--- ACTION ITEM ---
Would you restate the listing word for word, with the images omitted?

--- DATASET EXCERPT ---

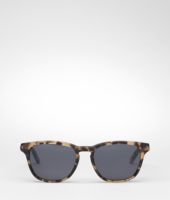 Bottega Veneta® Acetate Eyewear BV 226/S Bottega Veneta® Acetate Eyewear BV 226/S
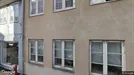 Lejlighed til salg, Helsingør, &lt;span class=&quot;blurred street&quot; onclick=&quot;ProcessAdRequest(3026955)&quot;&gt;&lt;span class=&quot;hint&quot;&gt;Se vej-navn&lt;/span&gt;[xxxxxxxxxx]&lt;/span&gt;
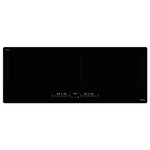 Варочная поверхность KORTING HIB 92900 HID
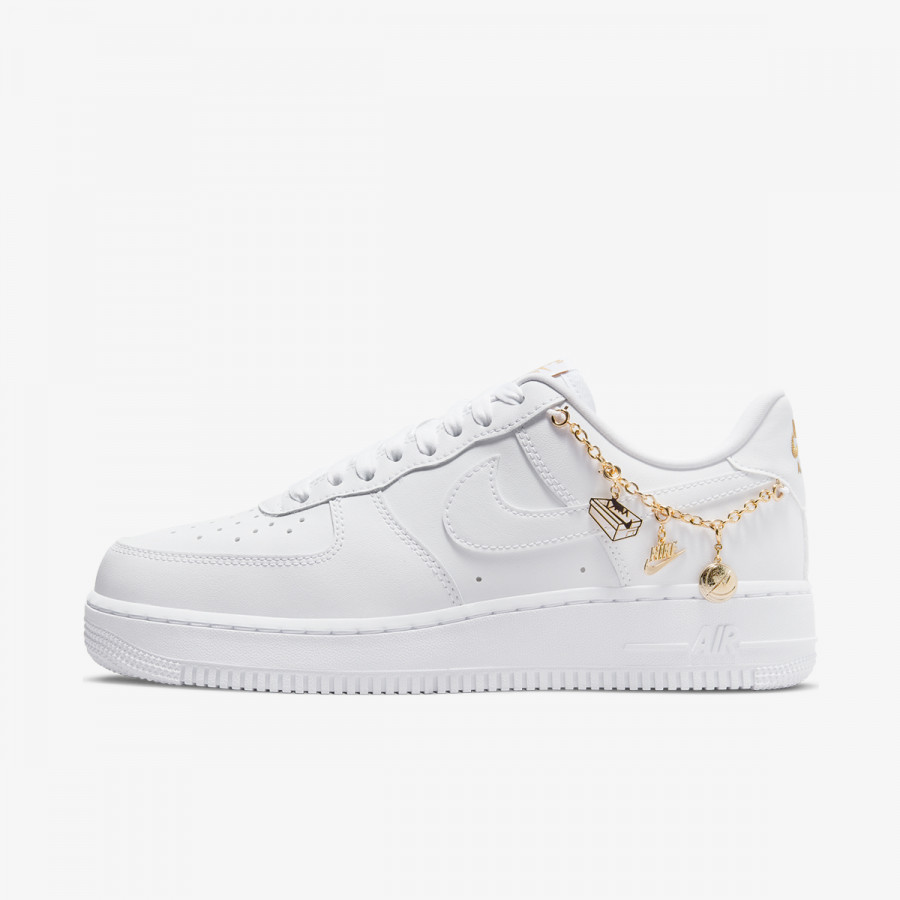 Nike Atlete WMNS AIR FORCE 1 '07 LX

--- FINISHED EXERCISE ---
 Bottega Veneta® Acetate Eyewear BV 226/S Bottega Veneta® Acetate Eyewear BV 226/S
 Lejlighed til salg, Helsingør, &lt;span class=&quot;blurred street&quot; onclick=&quot;ProcessAdRequest(3026955)&quot;&gt;&lt;span class=&quot;hint&quot;&gt;Se vej-navn&lt;/span&gt;[xxxxxxxxxx]&lt;/span&gt;
 Варочная поверхность KORTING HIB 92900 HID
 Nike Atlete WMNS AIR FORCE 1 '07 LX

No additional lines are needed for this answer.